Hello clanker
Thank you, work, for lending me a Dell Pro Max with GB10 to hack on. The Pro Max is effectively a twin for the NVIDIA DGX Spark, and it comes with:
- NVIDIA GB10 Blackwell GPU
- 128GB LPDDR5X unified memory
- 4TB PCIe SSD storage
# First impressions
# Hardware
- My Pro Max had already been setup by a teammate, so I had to go buy a cheap wired keyboard and mouse to connect before I could connect to Wifi.
- This thing is whisper quiet, even under LLM inference workloads, I barely hear the fan.
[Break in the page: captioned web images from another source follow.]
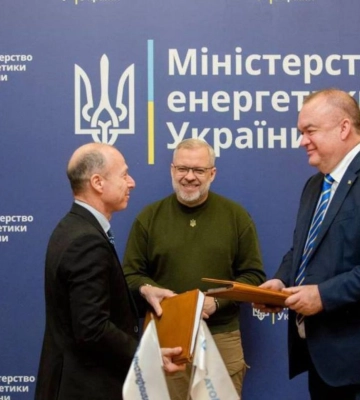На украинской АЭС установят первый энергоблок западного образца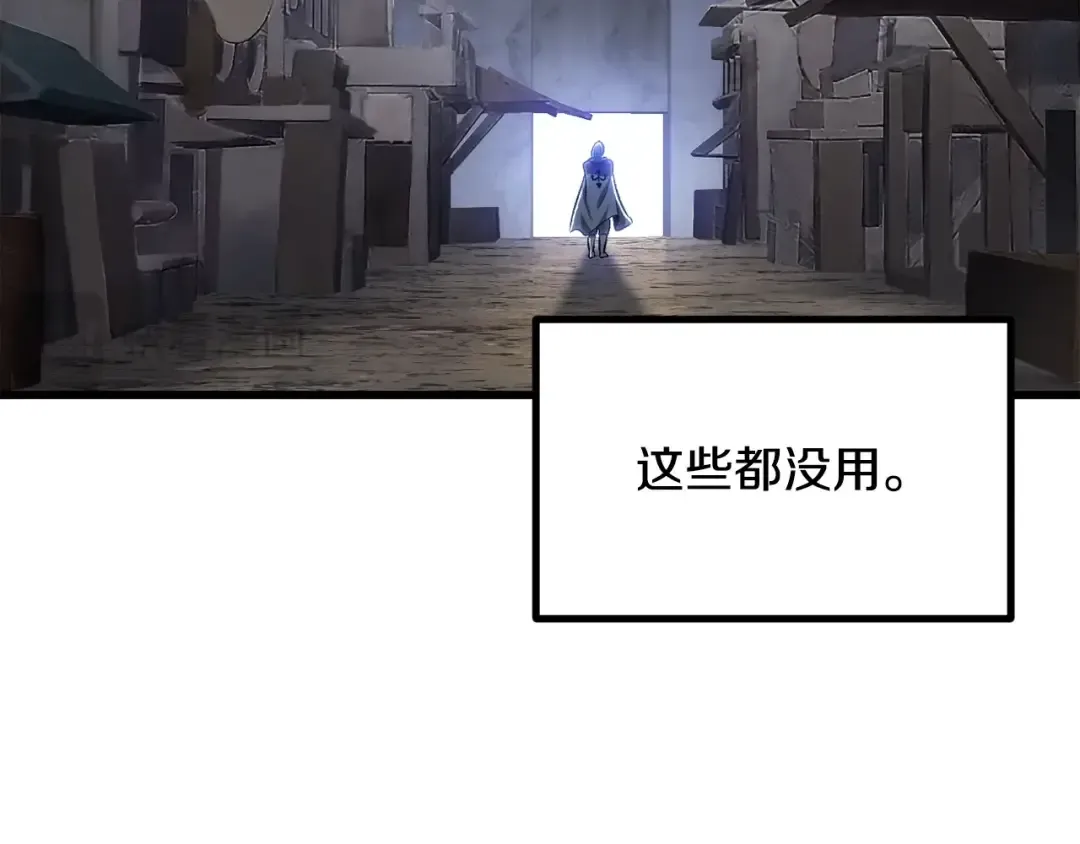 第194话 放下的自尊心 第171页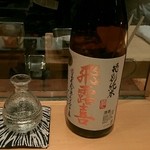 達 菊うら - 大将にオススメしてもらいました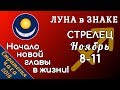 ЛУНА в знаке СТРЕЛЕЦ с 8 по 11 ноября 2018. Начало новой главы в жизни!00754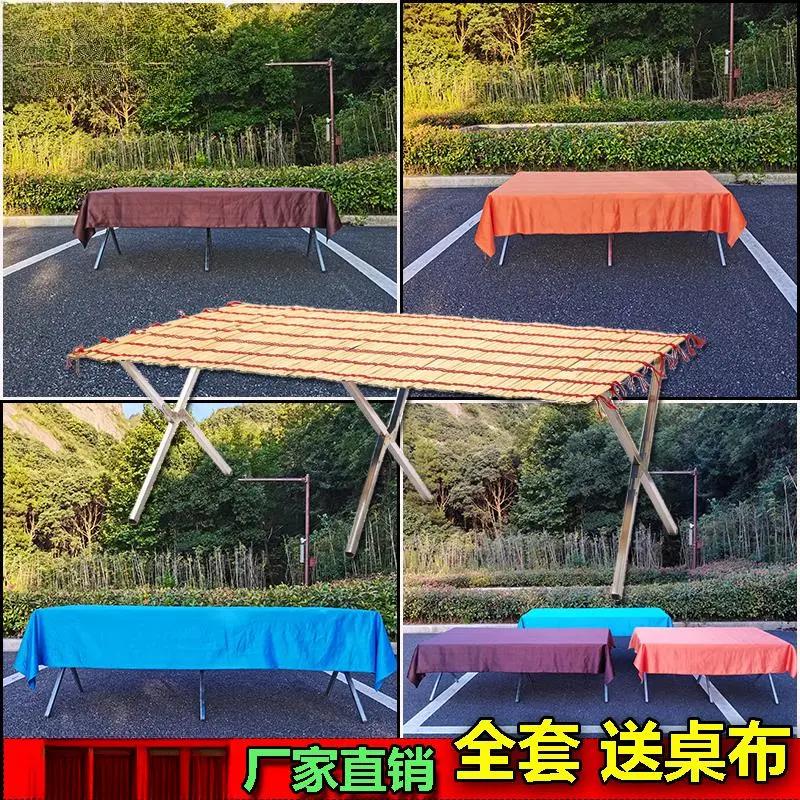 新疆西藏包邮【小扬哥推荐】夜市摆摊桌子展示架可折叠摆地摊货架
- It’s super portable (not that I plan on moving relocating it much), and has plug-and-play USB-C power and the usual trio of Wifi/Ethernet/Bluetooth connectivity.
# Software
- The Pro Max runs a custom “NVIDIA DGX OS” skin of Ubuntu. My work daily-driver OS is macOS and I normally interact with headless GPUs for day-to-day work. So I was pleasantly surprised at how nice desktop Linux is now! There’s no annoying animations, things respond quickly, there’s a good amount of tooling built-in to the distro…
- I first setup NVIDIA Sync, which is a nice wrapper over SSH that lets me connect to the Pro Max from my MacBook, over the local network. It integrates nicely with VSCode, so that’s quickly become my preferred way of working.
- I then setup Tailscale, and in literally under 10 minutes, I can now securely connect to the Pro Max from anywhere. Neatly, NVIDIA Sync just released an update that provides native Tailscale support. I hadn’t used Tailscale before, but it seems like a super slick way to get all the benefits of WireGuard, without any of the hassle.
- Setting up the usual battery of inference providers/wrappers: Open Web UI and Ollama was ok, but I hit some CUDA issues with vLLM and Transformers. I could resolve the PyTorch+CUDA toolchain dependencies with
venvs managed byuv, and careful choice of the required build. But vLLM required me to use the NVIDIA vLLM NGC Container, which seems to be NVIDIA’s suggested way to run stuff on the box.
# What’s next?
I’m really just dipping my toes in here, there’s so much to learn. I’m using it for a work project, but it’s really quite nice to be able to run a decently-sized model like GPT-OSS 120b with native MXFP4 weight support.